Sounds pretty ominous. Has someone discovered that xeriscaping is a lie? No, but many people have discovered that you can’t have beautiful landscaping without some watering – even in Arizona. Numerous others may just not realize it yet.

Yes, there are plants that live in the open desert without any more water than nature provides. But… there’s a distinct difference between plants in the wild, and plants in your yard. Unless, of course, you wanted weeds to take over, which isn’t high on the list of desirable things for any homeowner’s yard.
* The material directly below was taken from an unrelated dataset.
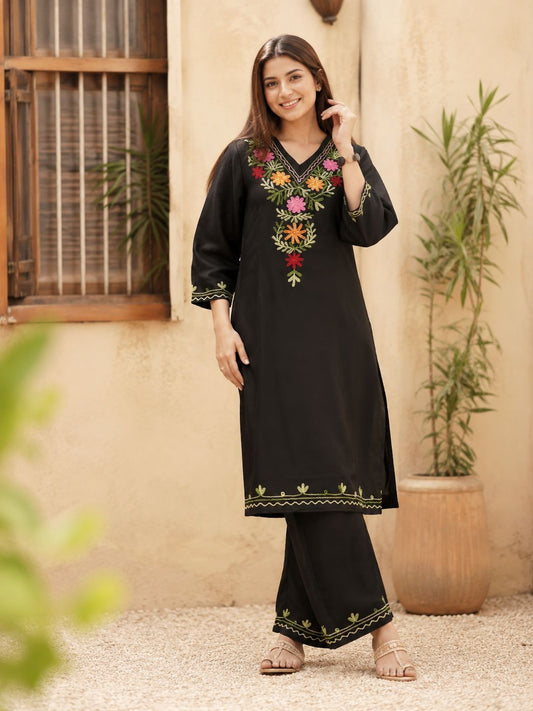 Elegant Black Embroidered Kurta Set for Women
Here’s the thing. No matter how ‘drought tolerant’ a plant may be, what it looks like in nature and what you want it to lend to your landscape are two different things. The term means that it will deal with dry spells, as in it probably won’t die, but says nothing about what it will look like after repeated or extended periods without moisture. Having the ability to be on death’s door and bounce back is never pretty, so it’s surprising that people think a landscape plant should somehow retain this impossible quality. No one – human, plant, animal, bird, or fish – can barely escape death without some scarring, some dwarfing, or other disfigurement.

If you care about things like curb appeal and landscaping value, it’s not likely you want a dwarfed, struggling, and disfigured collection of plants in your yard.  Yet this is exactly what you will wind up with if you provide no moisture assistance to your xeriscaping. It isn’t zero water needed, it’s low water requirements.

While many of the cacti, succulents, perennials, shrubs, and trees we use in Scottsdale and Phoenix landscaping are natives of the Sonoran Desert and those in surrounding areas, they weren’t born there. They originated there, and the desert plants you buy for your yard, or have installed by a landscaper are much needier than those in the wild. They have been grown in captivity, from a sprout or cutting in a container, not the soil of the ground out there beyond the development and the city limits. Their first year in your soil is crucial. They must adjust from one situation for their roots to another. Making things even more difficult is that they have left behind the regulated delivery of moisture the nursery had to provide to raise those plants in a manner that you would want to buy them. This is totally foreign to native plants in the wilds of the desert, and definitely not suited for no moisture assistance.

Not if you want your desert landscaping plants to thrive, and bloom nicely. Plants that are struggling to live will not have the energy to put on a profuse flower show. Nor will they grow as fast as possible. The homeowner who has the tolerance to wait decades for a plant to develop is a rarity. Yet, xeriscaping plants in the wild can take that long to achieve impressive proportions. So if for no other reason, and given the immature size of landscaping plants today, it would be in the interest of any homeowner to provide developmental assistance to the plants in their landscaping.

Since the energy they need from the sun isn’t an issue here in the Valley, that leaves only three other things for you to consider in making your xeriscaping not just successful, but beautiful. Food, water, and exposure. Like grass, many popular xeriscaping plants here in the Phoenix – Scottsdale area can’t tolerate too much shade or too much sun. So, knowing the sunlight needs of each plant you put in your yard is important to how they will reward you as a value to your landscaping. They also need some fertilizer, because they aren’t wild plants who take whatever comes their way, and hopefully survive. Surely, you want more than this around your home.

And last, but not least. we come to water. A precious commodity in the desert. While trying to grow a tropical jungle in the Valley of the Sun is certainly wasteful, assisting the all-important landscape surrounding your house to thrive is not. Especially when you’ve gone to the trouble of selecting xeriscape and native plants. Standing there with a hose and watering overhead isn’t the best choice, because most of the water applied evaporates thanks to the heat. This is also wasteful.

Plants, even cactus, need moisture at the roots, not on the surface. They can wick water up from deep in the ground, but they cannot coax it below from above. The solution is without a doubt drip irrigation. Whether you coil miles of soaker hose through your planting spaces, or have it professionally installed, gorgeous xeriscaping need regular moisture supplied to it’s roots. It may be minimal, and only a few times a month, but it makes a huge difference in how your xeriscaped property looks, and the health of your plants.

Scheduled watering that reaches the roots, which with super drought tolerant plants means moisture delivery far below the surface, is critical to the difference between poor looking and beautiful landscaping in Phoenix and Scottsdale. The easiest way to give your landscaping what it needs is professionally installed drip irrigation.